Below this line are records; transcribe exactly the lines between the one holding "Экран напольный Cactus" and the one holding "ZESTAW PRZYPONÓW PRESTON", inclusive, and omit the pictures.

# Source records
▼

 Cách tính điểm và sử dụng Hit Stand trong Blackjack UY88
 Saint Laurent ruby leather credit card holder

▲
▼

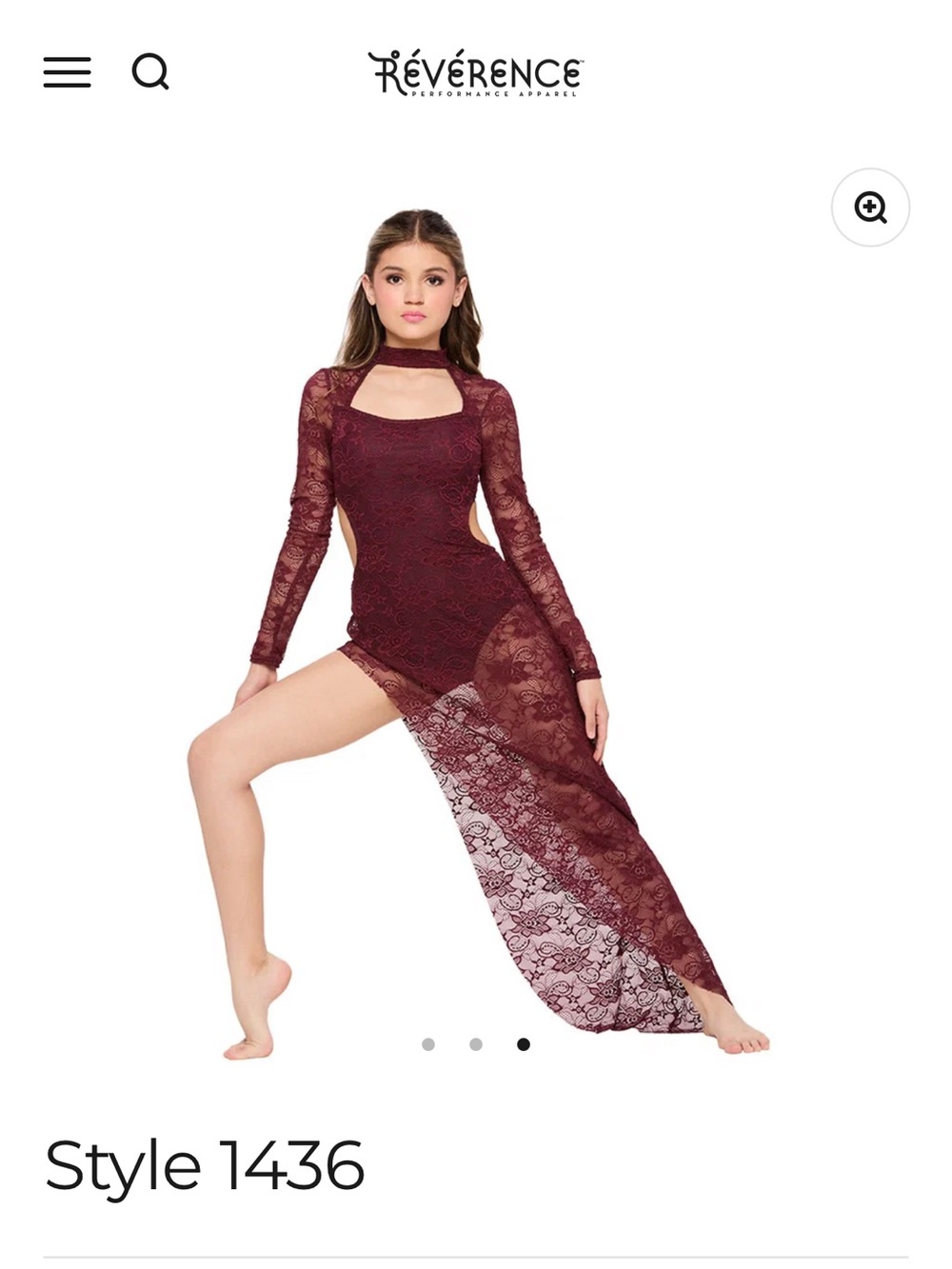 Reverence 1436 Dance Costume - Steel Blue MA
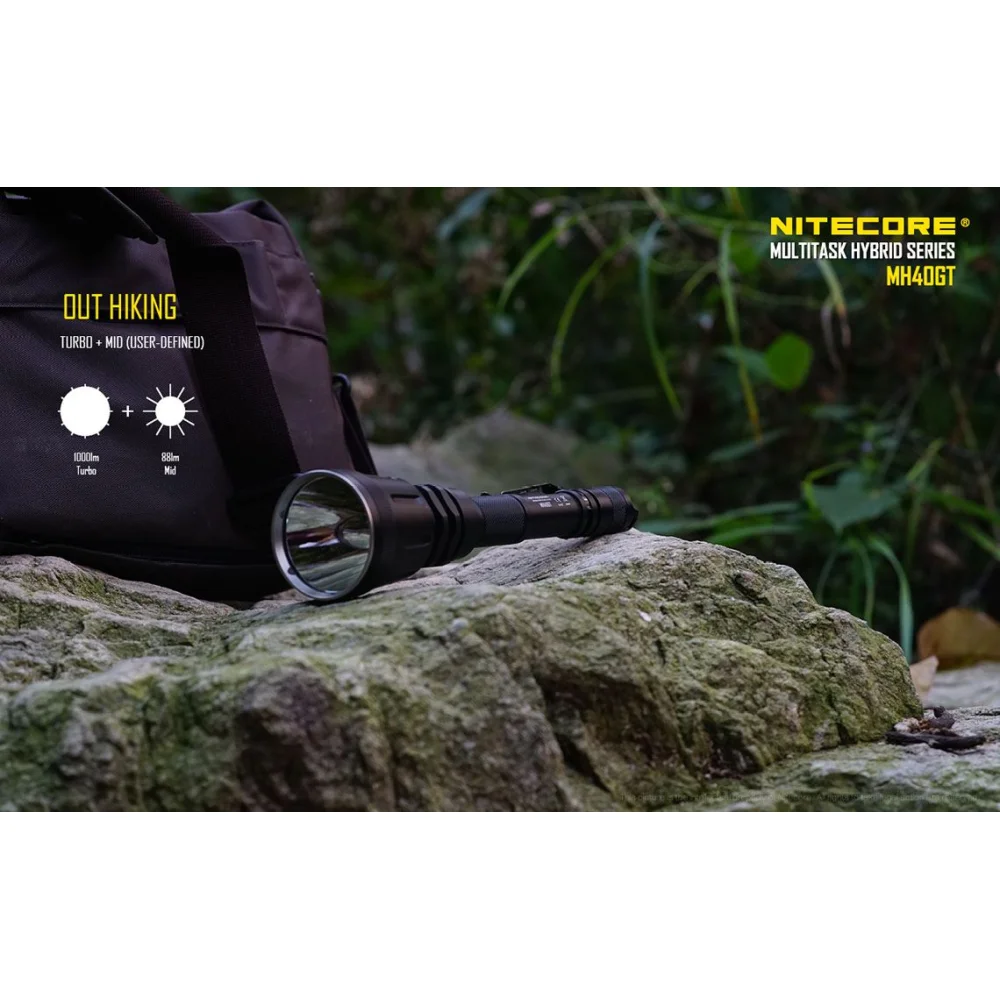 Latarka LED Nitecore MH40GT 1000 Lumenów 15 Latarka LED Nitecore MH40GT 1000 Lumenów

▲
▼

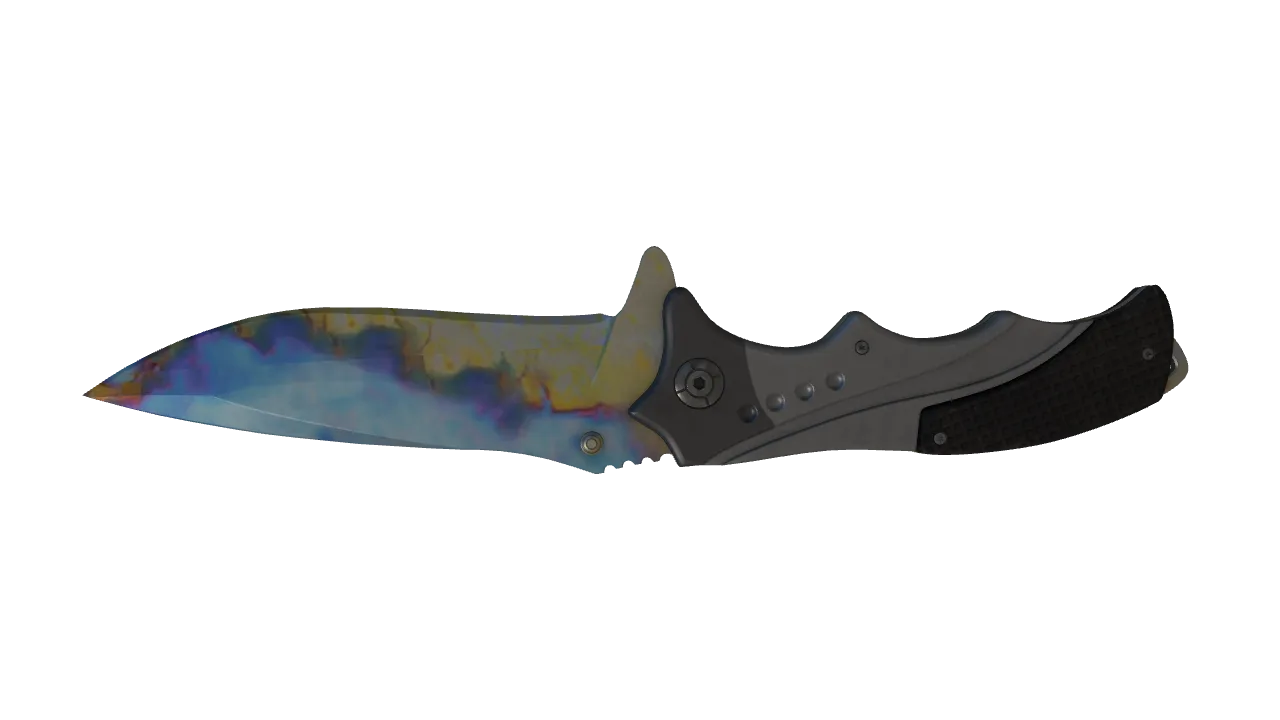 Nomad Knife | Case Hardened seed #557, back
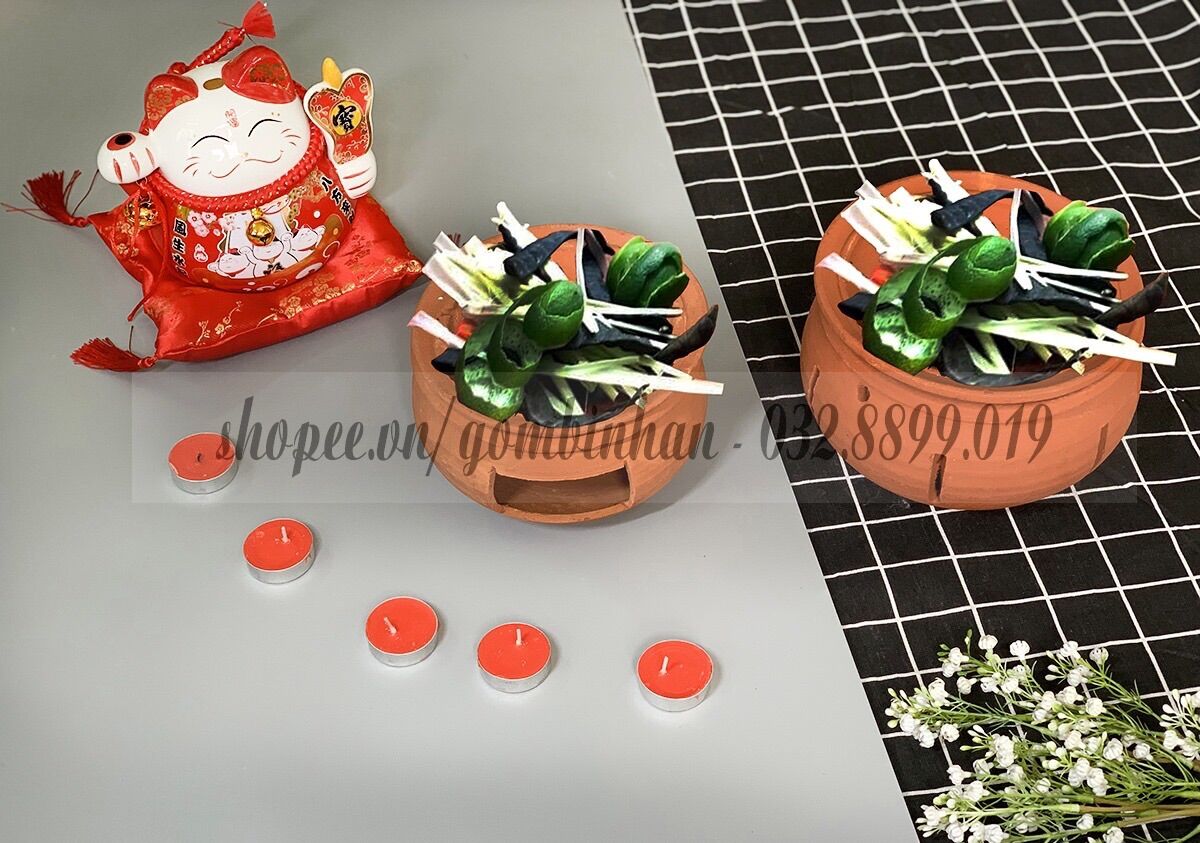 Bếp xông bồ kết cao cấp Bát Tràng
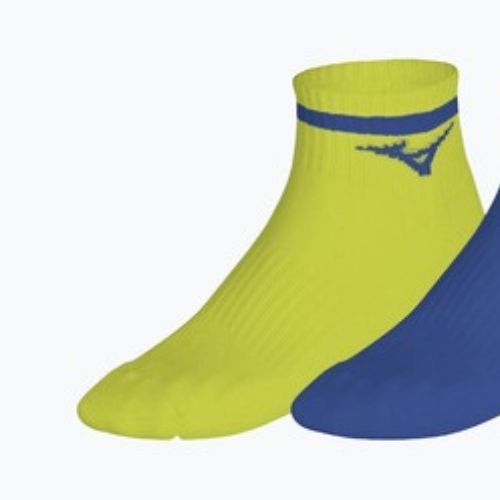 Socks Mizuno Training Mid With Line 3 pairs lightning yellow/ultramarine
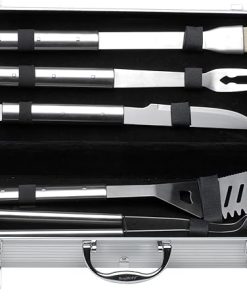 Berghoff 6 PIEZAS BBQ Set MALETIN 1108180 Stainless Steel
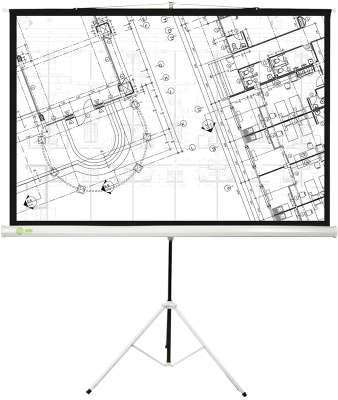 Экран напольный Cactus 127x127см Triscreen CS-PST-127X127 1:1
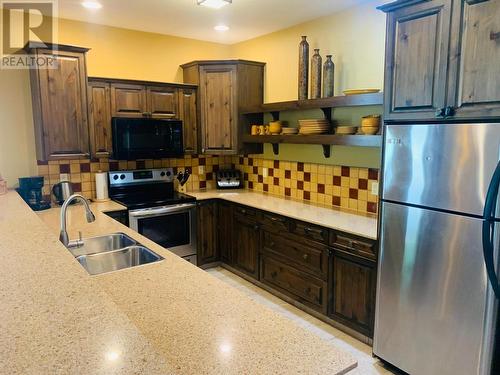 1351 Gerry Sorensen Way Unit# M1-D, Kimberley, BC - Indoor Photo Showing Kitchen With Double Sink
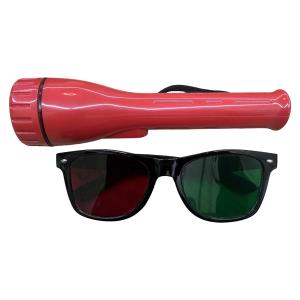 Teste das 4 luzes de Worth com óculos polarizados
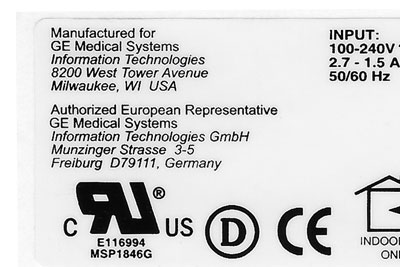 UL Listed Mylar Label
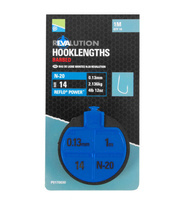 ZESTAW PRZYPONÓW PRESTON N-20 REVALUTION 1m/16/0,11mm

▲

# Solution
 Экран напольный Cactus 127x127см Triscreen CS-PST-127X127 1:1
 1351 Gerry Sorensen Way Unit# M1-D, Kimberley, BC - Indoor Photo Showing Kitchen With Double Sink
 Teste das 4 luzes de Worth com óculos polarizados
 UL Listed Mylar Label
 ZESTAW PRZYPONÓW PRESTON N-20 REVALUTION 1m/16/0,11mm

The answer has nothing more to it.